L'ouvrage livre une autre précision importante : si les premiers casques bleus ont été massacrés par les soldats rwandais furieux parmi lesquels des invalides de guerre, ils n'ont pas été torturés ou mutilés comme l'état de leurs corps aurait pu, dans un premier temps, le donner à penser.
D'autres questions subsistent cependant à propos de la mort des casques bleus : comment se fait-il que le 7 avril au soir, annonçant que le général Dallaire s'est rendu au camp Kigali, le QG secteur, c'est-à-dire le colonel Marchal, ait annoncé que le numéro un de l'ONU avait vu douze dépouilles et non dix (cette information est reprise dans Kibat, une chronique récapitulative des événements publiée à Flawinne par le colonel Dewez).

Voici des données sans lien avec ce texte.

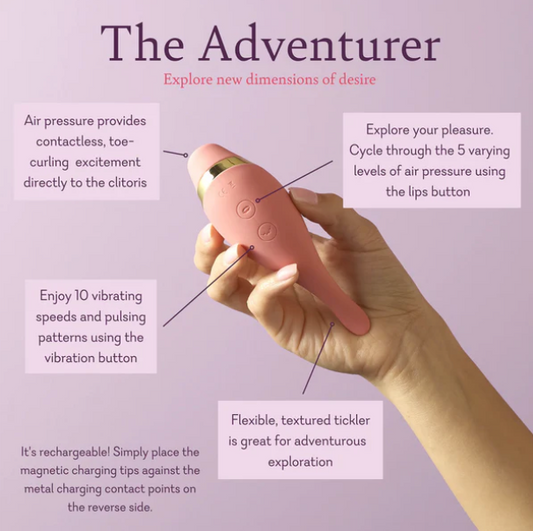 The Adventurer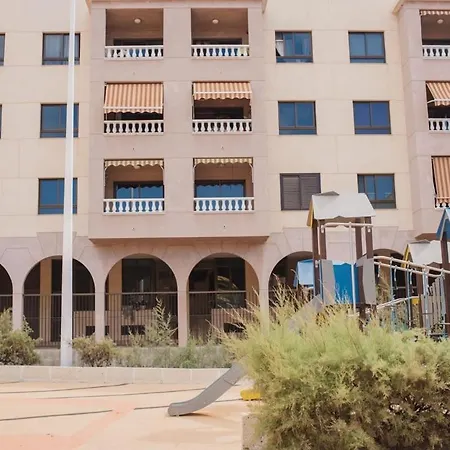 Apartamento Estudio Medano *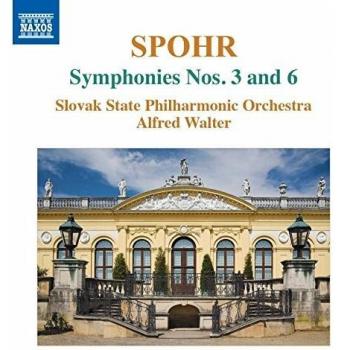 Symphonies Nos. 3 and 6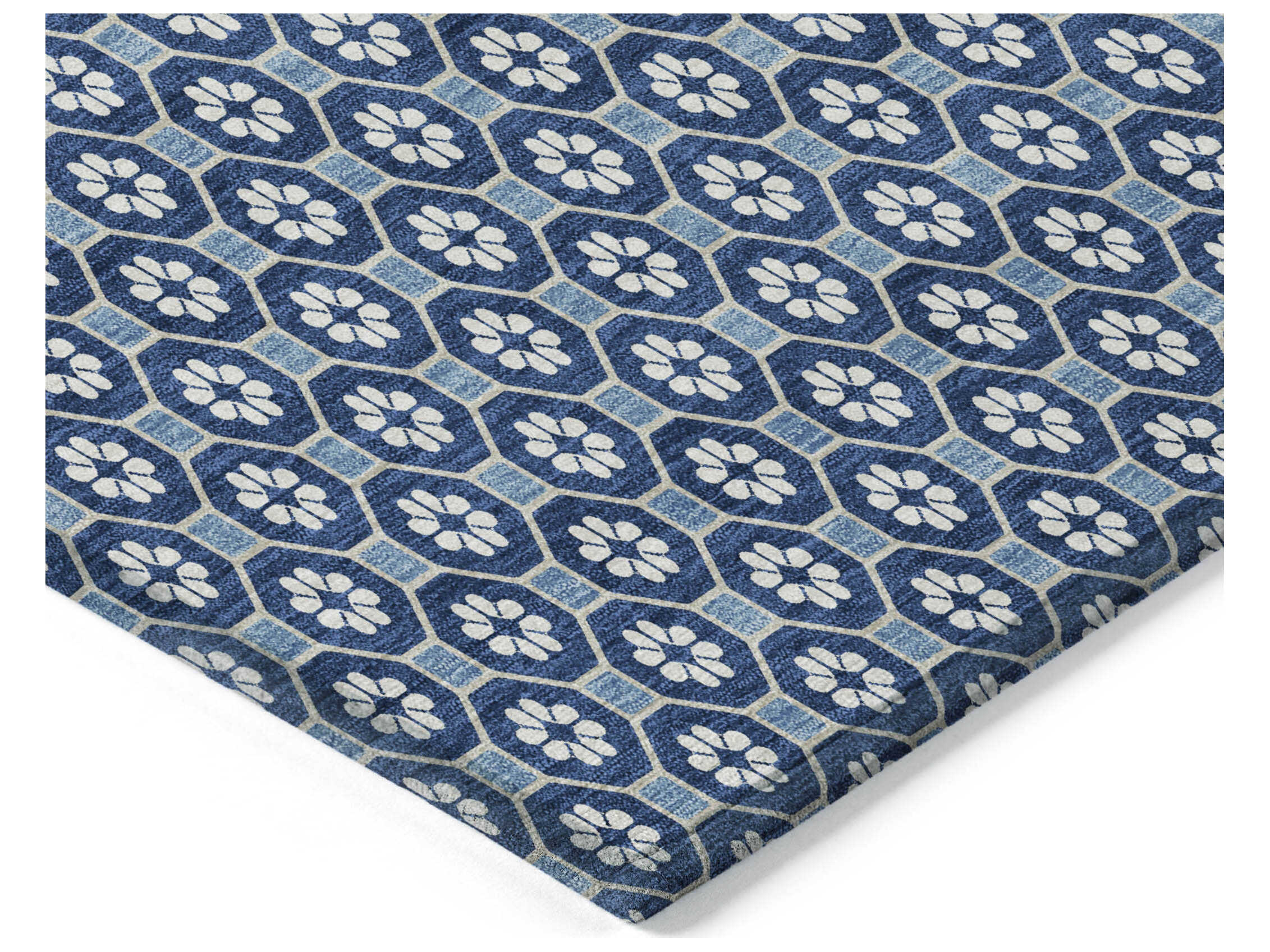 Dalyn Chantille Floral Area Rug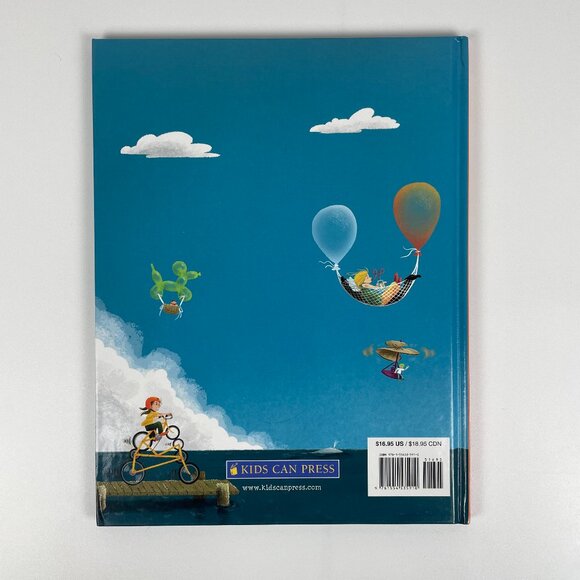 🍋 4/$20 If Kids Ruled the World | Kids Books Childrens Books - Picture 4 of 5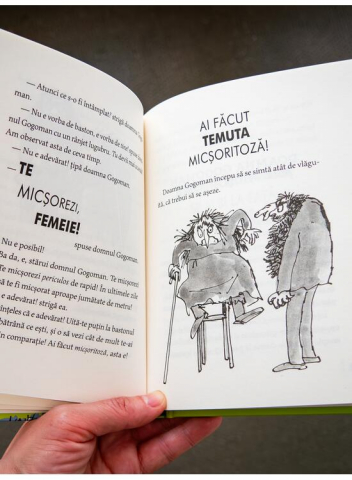 Gogomanii – Roald Dahl [4]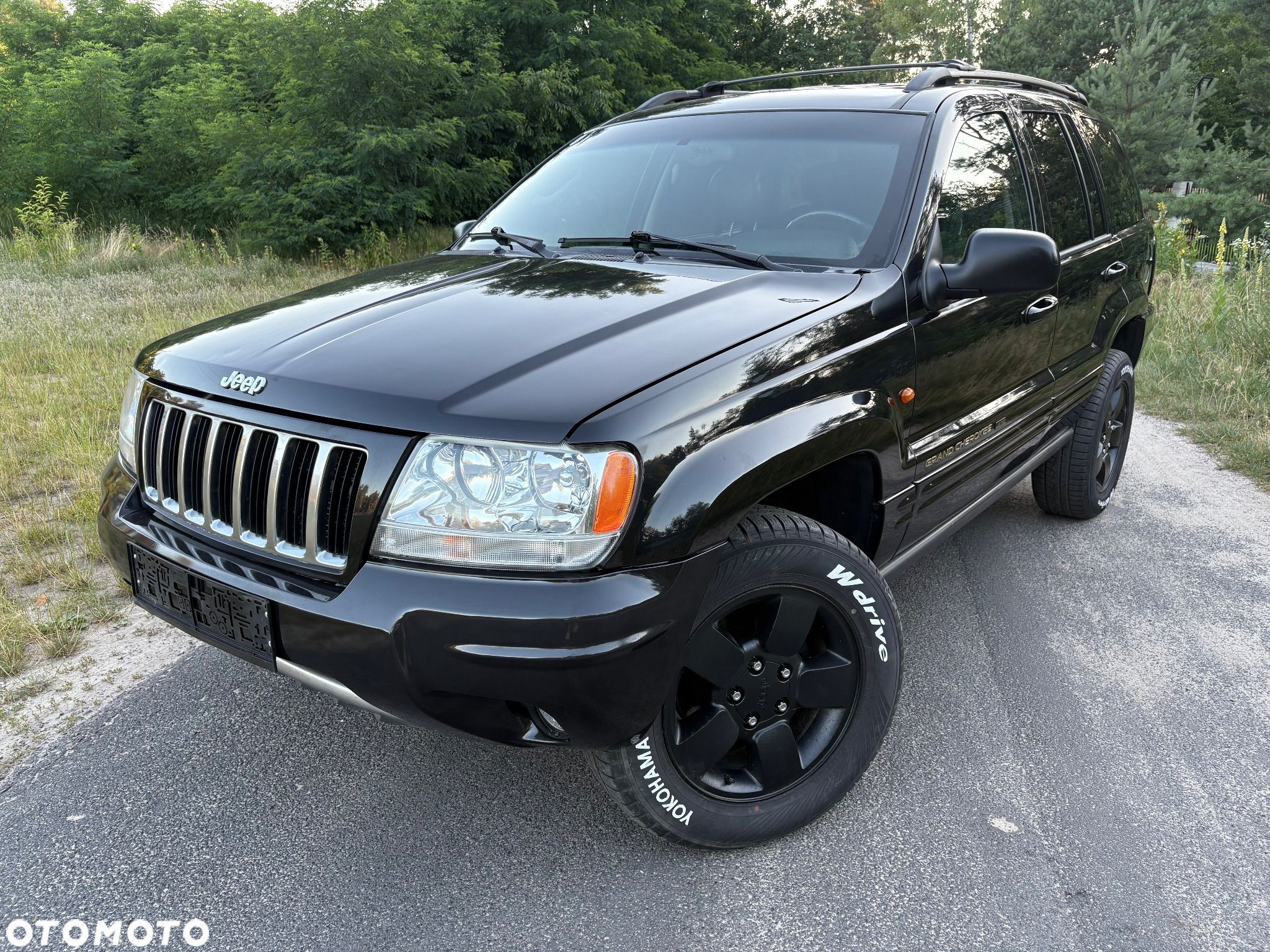 Jeep Grand Cherokee 2.7 CRD Limited - 1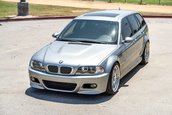 BMW Seria 3 Touring transformat in BMW M3 Touring
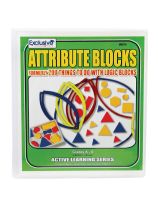 Attribute Blocks Resource Binder, Gr. K-8 - French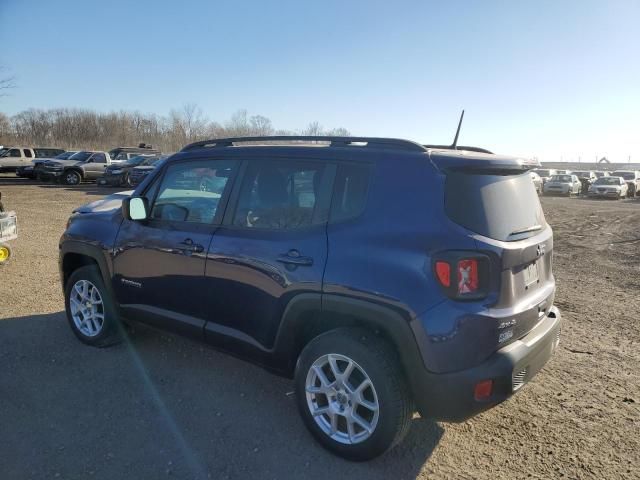 2020 Jeep Renegade Sport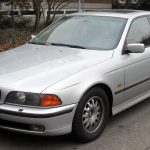 E39 1996-2000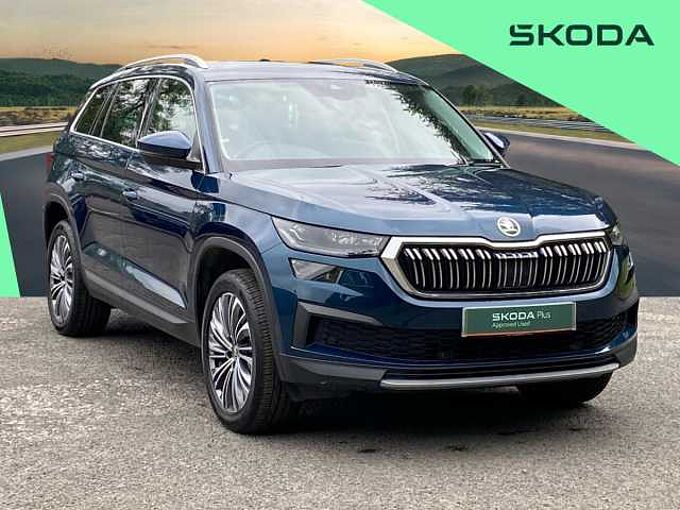 SKODA Kodiaq 1.5 TSI SE L Executive 5Dr DSG [7 Seat]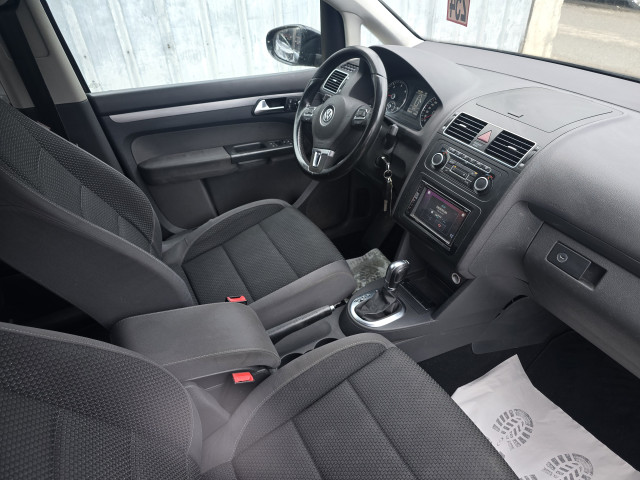 Volkswagen Volkswagen Touran 1.6 TDI 105 FAP Confortline DSG7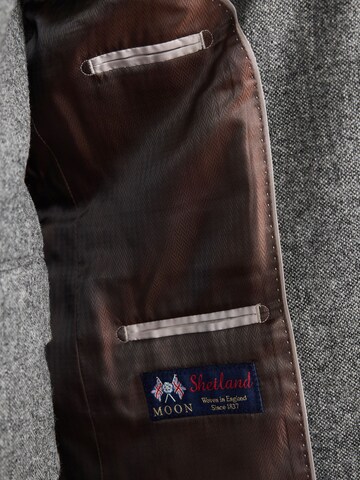 Next Regular Fit Sakko in Grau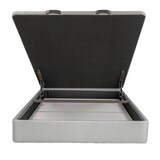 thumbnail of Sommier Dreamura Sendai Cinza 190x140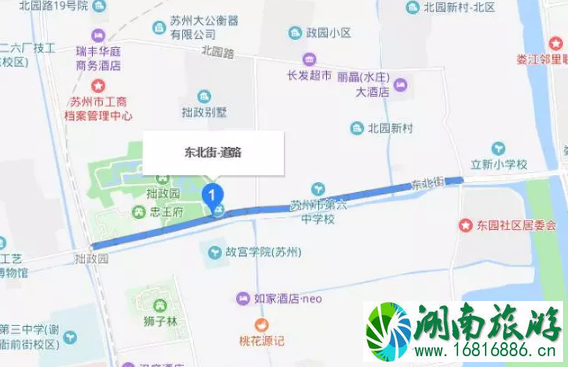 2022年6月起苏州最新交通管制时间+路段 2022年6月起苏州最新交通管制时间+路段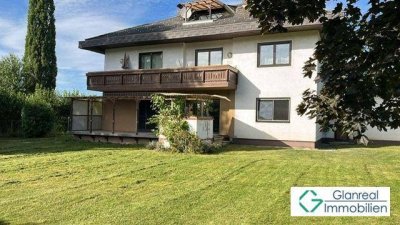 Sanierte 4-Zimmer Erdgeschosswohnung mit Garten und Terrasse in Maria Saal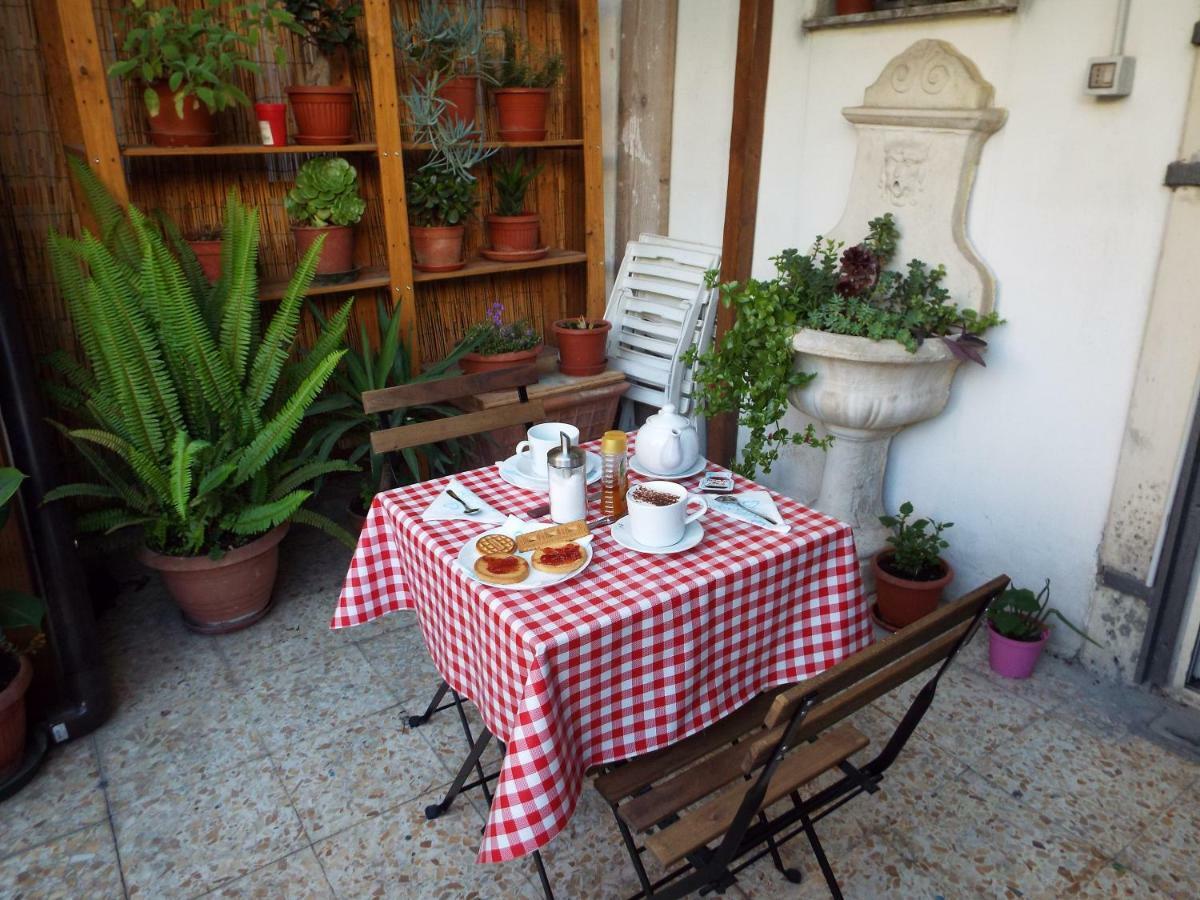 B&B Ingiropernapoli Dış mekan fotoğraf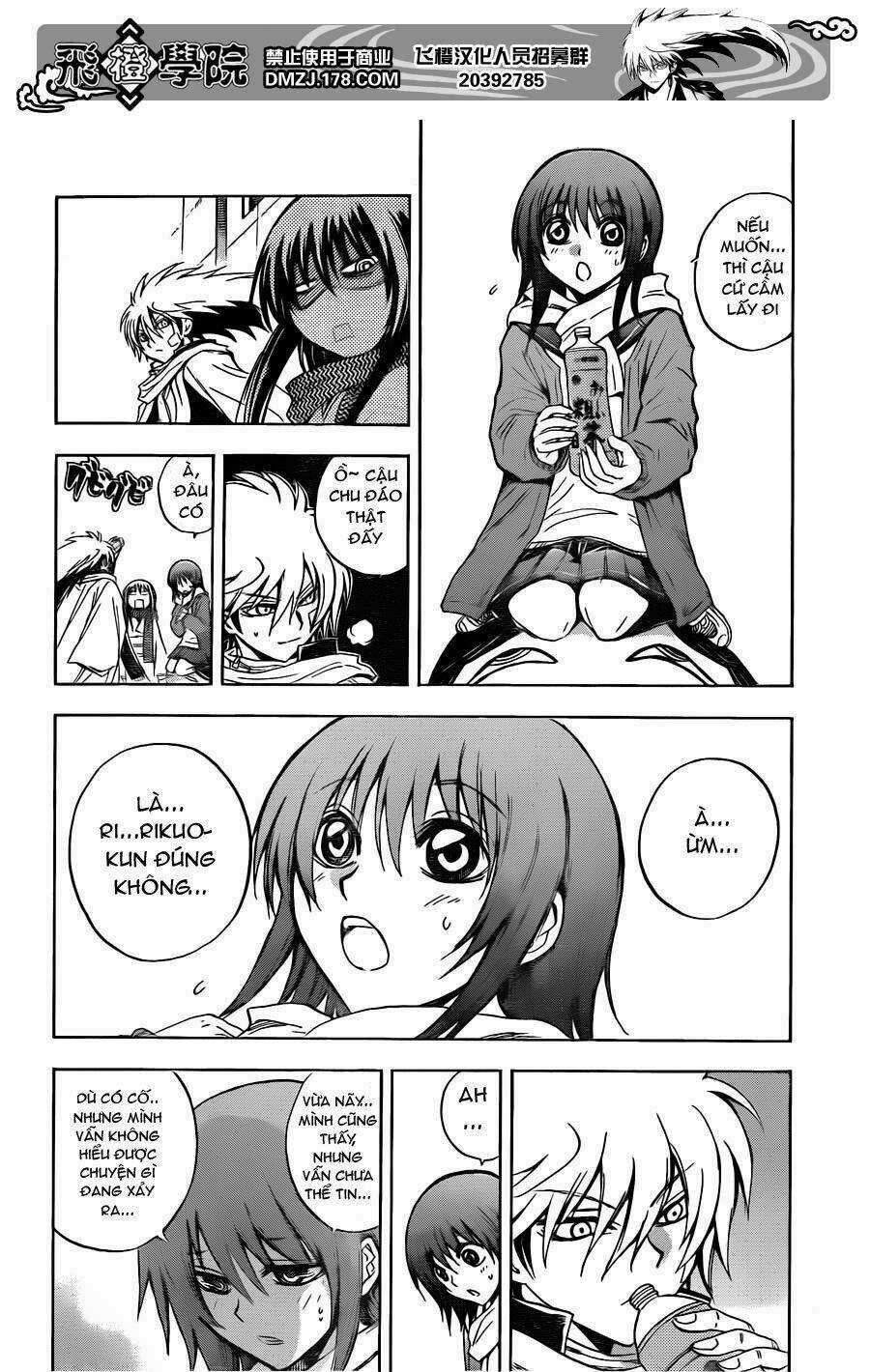 Bách Quỷ Dạ Hành Chapter 164 trang 7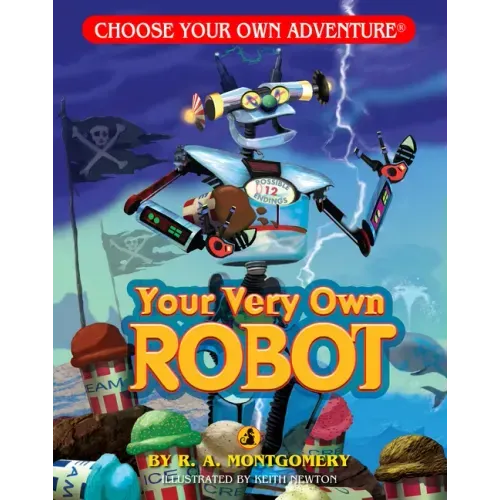 Your Very Own Robot - Paperback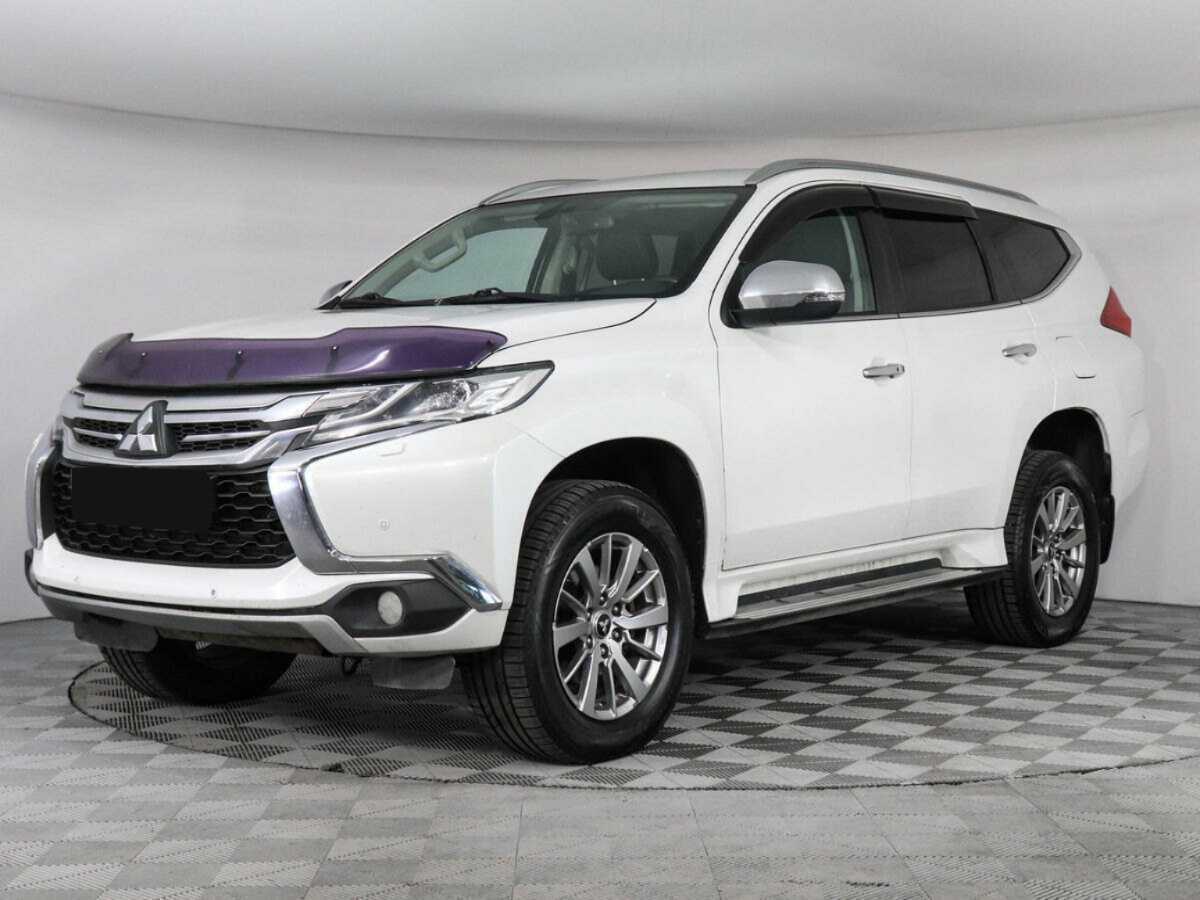 Купить Mitsubishi Pajero Sport, 2018, 195 673 км.. Фото: #0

La minutie de l'enquête d'Alexandre Goffin, la précision de ses informations font ressortir plus cruellement encore les carences de l'enquête officielle, sur laquelle plane toujours un prudent silence : comment se fait-il que le général Dallaire n'ait jamais été interrogé, ni les casques bleus ghanéens qui furent faits prisonniers en même temps que les Belges, puis libérés, ni l'observateur togolais qui était présent au camp Kigali ? Une commission rogatoire ne pourrait-elle se rendre au Togo ou au Ghana interroger ces témoins de premier plan ?
Un autre point fort de cette recherche devrait intéresser le Tribunal pénal international: elle concerne le rôle du colonel Bagosora. Ce dernier apparaît non seulement comme le responsable de l'attentat et l'un des maîtres d'oeuvre du génocide, mais en outre, organisant une réunion à moins de 80 mètres du lieu où les Casques bleus belges sont encerclés, il ne s'inquiète pas de leur sort et ne fait rien pour leur porter secours...
L'abandon, sur ordre de l'état-major de la Minuar, des civils rwandais pourchassés, la lâcheté des casques bleus du Bangladesh, qui n'osèrent même pas ouvrir les portes du stade Amahoro à d'autres Belges encerclés par la foule hostile, l'évacuation de la paroisse de Kicukiro : d'autres scènes tragiques sont relatées dans ce livre, qui se lit d'une traite, la rage au coeur par moments.
COLETTE BRAECKMAN
(1) «Rwanda, 7 avril 1994 : dix commandos vont mourir», par Alexandre Goffin, éditeur : ASBL «In Memoriam, j'avais 10 camarades »; prix de vente : 550 FB au shop du 2e Codo à Flawinne, 600 FB versés au compte du secrétariat de l'ASBL, no 000-1543767-12 de Didier Hutsebaut.